If any of the following are present or suspected, please refer the patient to the emergency department (via ambulance if necessary) or seek emergency medical advice via phone to on-call consultant/registrar:

  • malignancy with signs of spinal cord compression
  • new onset spinal pain or rapidly progressive neurological deficit (including bowel or bladder dysfunction)
  • recent trauma with exacerbated symptoms of spinal pain or neurological change
  • signs of infection in the presence of scoliotic or kyphotic deformity (for example high C-reactive protein, fever, malaise, sepsis).

When public outpatient services are not routinely provided

Intradural pathology based on MRI.

Note: consider referral to neurosurgery.

Criteria to access public outpatient services

CategoryCriteria
Category 1
Recommended to be seen within 30 calendar days.

New signs of neurological impairment (for example cervical or thoracic myelopathy).

Category 2
Recommended to be seen within 90 calendar days.

  • Significant scoliosis in a young adult.
  • Intractable spinal pain.
  • Deformity with reduced lung function.

Category 3
Recommended to be seen within 365 calendar days.

Degenerative scoliotic or kyphotic deformity.

Note: patients are expected to have undertaken a trial of non-operative management (for example exercise and physiotherapy, optimisation of health co-morbidities) prior to referral.

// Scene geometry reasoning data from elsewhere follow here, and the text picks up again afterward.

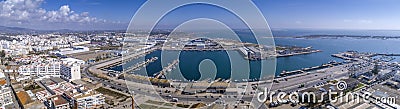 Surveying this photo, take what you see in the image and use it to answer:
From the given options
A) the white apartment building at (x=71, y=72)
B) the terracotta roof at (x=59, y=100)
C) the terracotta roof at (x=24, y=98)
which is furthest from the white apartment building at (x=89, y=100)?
the white apartment building at (x=71, y=72)

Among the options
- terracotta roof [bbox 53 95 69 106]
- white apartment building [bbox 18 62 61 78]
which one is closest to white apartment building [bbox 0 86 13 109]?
terracotta roof [bbox 53 95 69 106]

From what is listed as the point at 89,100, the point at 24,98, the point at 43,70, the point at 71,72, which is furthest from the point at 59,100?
the point at 43,70

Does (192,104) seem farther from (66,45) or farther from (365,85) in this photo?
(66,45)

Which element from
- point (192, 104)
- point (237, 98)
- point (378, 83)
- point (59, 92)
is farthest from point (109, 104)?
point (378, 83)

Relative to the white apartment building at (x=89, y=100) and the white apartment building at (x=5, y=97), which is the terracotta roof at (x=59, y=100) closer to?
the white apartment building at (x=89, y=100)

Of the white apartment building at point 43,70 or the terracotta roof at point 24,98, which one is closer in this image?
the terracotta roof at point 24,98

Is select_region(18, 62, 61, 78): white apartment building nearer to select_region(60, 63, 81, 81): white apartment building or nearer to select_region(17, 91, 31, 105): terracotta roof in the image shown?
select_region(60, 63, 81, 81): white apartment building

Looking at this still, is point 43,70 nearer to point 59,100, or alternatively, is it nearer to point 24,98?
point 24,98

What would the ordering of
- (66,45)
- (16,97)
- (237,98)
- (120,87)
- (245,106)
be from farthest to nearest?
(66,45) → (120,87) → (16,97) → (237,98) → (245,106) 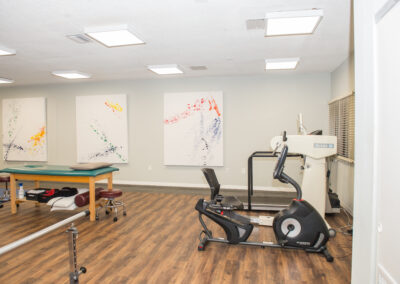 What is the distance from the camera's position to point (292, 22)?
9.08ft

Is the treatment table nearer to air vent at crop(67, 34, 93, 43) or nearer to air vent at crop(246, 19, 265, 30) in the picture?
air vent at crop(67, 34, 93, 43)

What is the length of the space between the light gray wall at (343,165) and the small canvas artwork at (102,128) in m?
4.52

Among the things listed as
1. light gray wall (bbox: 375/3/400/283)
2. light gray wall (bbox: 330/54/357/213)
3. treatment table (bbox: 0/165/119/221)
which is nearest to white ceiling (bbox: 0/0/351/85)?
light gray wall (bbox: 330/54/357/213)

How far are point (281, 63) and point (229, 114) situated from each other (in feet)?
5.44

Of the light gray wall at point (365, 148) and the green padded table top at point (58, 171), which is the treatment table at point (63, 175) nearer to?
the green padded table top at point (58, 171)

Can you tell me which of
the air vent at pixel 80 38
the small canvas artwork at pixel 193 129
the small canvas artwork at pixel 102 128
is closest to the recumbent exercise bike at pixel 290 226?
the air vent at pixel 80 38

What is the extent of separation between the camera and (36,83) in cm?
664

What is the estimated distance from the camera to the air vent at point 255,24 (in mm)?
2837

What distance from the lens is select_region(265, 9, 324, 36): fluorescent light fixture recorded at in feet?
8.54

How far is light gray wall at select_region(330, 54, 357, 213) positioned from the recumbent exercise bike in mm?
1724

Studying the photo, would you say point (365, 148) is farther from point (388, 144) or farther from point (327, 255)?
point (327, 255)

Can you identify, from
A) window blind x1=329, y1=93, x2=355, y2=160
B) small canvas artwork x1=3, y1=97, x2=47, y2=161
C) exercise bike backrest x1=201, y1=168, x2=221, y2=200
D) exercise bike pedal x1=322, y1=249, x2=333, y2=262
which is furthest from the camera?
small canvas artwork x1=3, y1=97, x2=47, y2=161

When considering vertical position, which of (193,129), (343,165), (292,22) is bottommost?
(343,165)

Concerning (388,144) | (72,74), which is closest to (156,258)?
(388,144) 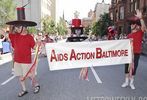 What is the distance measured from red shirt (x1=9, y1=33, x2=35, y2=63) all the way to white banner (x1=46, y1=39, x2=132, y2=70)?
57 cm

Information to include within a referral

Required

  • Reason for referral.
  • Details of the presenting condition.
  • Provisional diagnosis.
  • Patient health summary (such as relevant medical history, relevant investigations, current medications and dosages, immunisations, allergies and/or adverse reactions), including specifically X-ray (standing whole spine view).

If available

  • MRI result of affected area.
  • If the patient identifies as Aboriginal and/or Torres Strait Islander.
  • If the patient is considered ‘at risk’ or among a vulnerable, disadvantaged or priority population.
  • If the patient is willing to have surgery (where clinically relevant).
  • If the patient is suitable for virtual care or telehealth.
  • If the patient has special needs or requires reasonable adjustments to be made.
  • If the patient requires an interpreter (if so, list preferred language).

Important information for referring health professionals

If there is a change to a patient’s condition while waiting for their appointment, referring health professionals may further investigate and manage the situation, or send an updated referral to the outpatient service. Where there are significant concerns about a patient's condition, referring health professionals may check HealthPathways for urgent/same day advice or contact the relevant clinical team.